Holy mother of pearl, this is a great week for new music. If you don’t believe us, just check out the new single from The Lickerish Quartet, a band that features most of the iconic SF Bay area band, Jellyfish.
Or, expand your mind with the latest from Rock is the New Roll’s favorite’s, Cats in Space. “Poke The Witch” is an epic tune.
And, Delicate Steve is out with a sweet instrumental single, “Playing In A Band” that will be on his upcoming album. For Delicate Steve, it is all about his 1966 Stratocaster.
And, don’t change that channel. There are five really cool records worthy of your earphones this week.
Willie Nelson – A Beautiful Time
Hitting the streets on April 29, 2022, on Willie Nelson’s 89th birthday, the red-headed stranger once again teams up with producer Buddy Cannon on a set of songs that takes old age head-on and addresses his mortality. Taking on themes of life, death, and love from the opening song, co-written with Chris Stapleton and Rodney Crowell, “I’ll Love You Till The Day I Die” to the whimsical Willie at his humorous best, “I Don’t Go To Funerals,” where he professes to be not even going to his own funeral.
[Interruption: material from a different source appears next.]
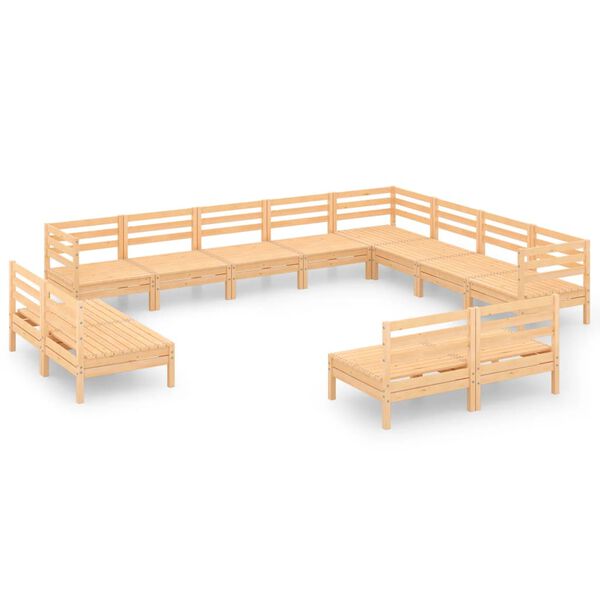vidaXL Juego de muebles de jard&iacute;n 12 piezas madera maciza de pino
The voice may be a bit frail and dusty, but the guitar work courtesy of Trigger is as strong as it has been on any record.
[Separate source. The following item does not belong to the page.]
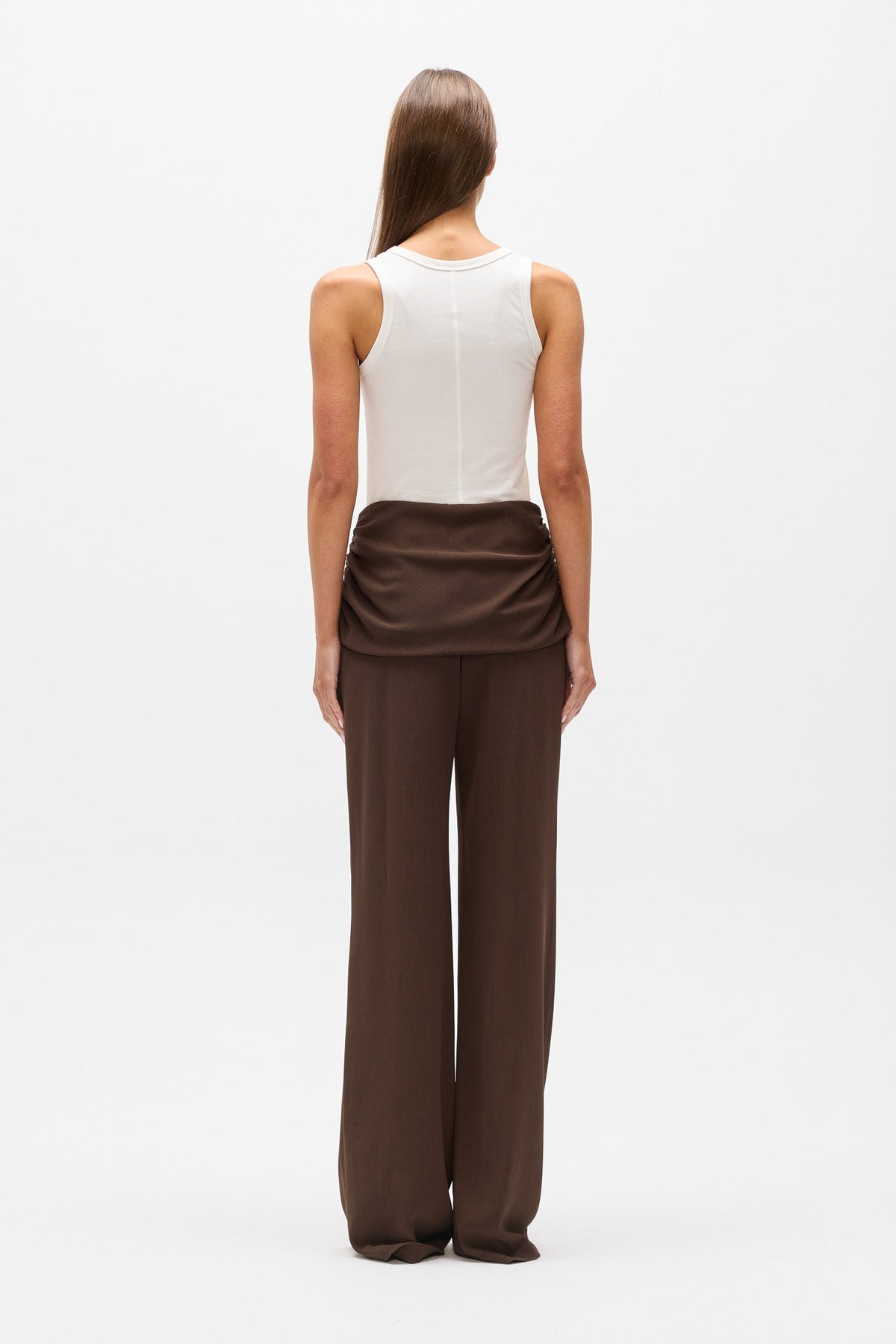 Emynah Draped Waist Straight Leg Pant in Brown, view 4, Bayse Brand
If you have ever wondered what it would be like to play in one of the legendary poker games at Willie’s home in Maui with Owen Wilson and Woody Harrelson, you will get a seat at the table courtesy of “We’re Not Happy (Till You’re Not Happy).” They are there to shoot the bull and shoot tequila, play some cards and hide out from their wives. And on “Dusty Bottles” you will be able to sit down and have a beer with father time.
For someone who has put out as many records as Willie Nelson has, likely over 200, this one should go down in history as one of his best, maintaining a decade-long winning streak of quality performances.
Eli “Paperboy” Reed – Down Every Road
Mostly known for his R&B in the late ’60s to early ’70s Revivalism mold, Eli “Paperboy” Reed puts his blue-eyed soul stamp on a set of nicely curated Merle Haggard songs. The Haggard songbook runs the gamut from Country to Americana music to Jazz, always delivered with a whole lot of soul and, as such, is a perfect background for Reed to explore and interpret in his own style.
Playing it straight Like he does on “Mama Tried” and “Lonesome Fugitive” Reed brings out the soul of the song with the emotion of a Jerry Butler Ballad from back in the day. But, it is on the deeper Hag cuts where this record really shines. “It’s Not Love, But It’s Not Bad” reaches the depths of Sam Cooke’s soul, and “I’m Gonna Break Any Heart I Can” is Wilson Pickett-worthy.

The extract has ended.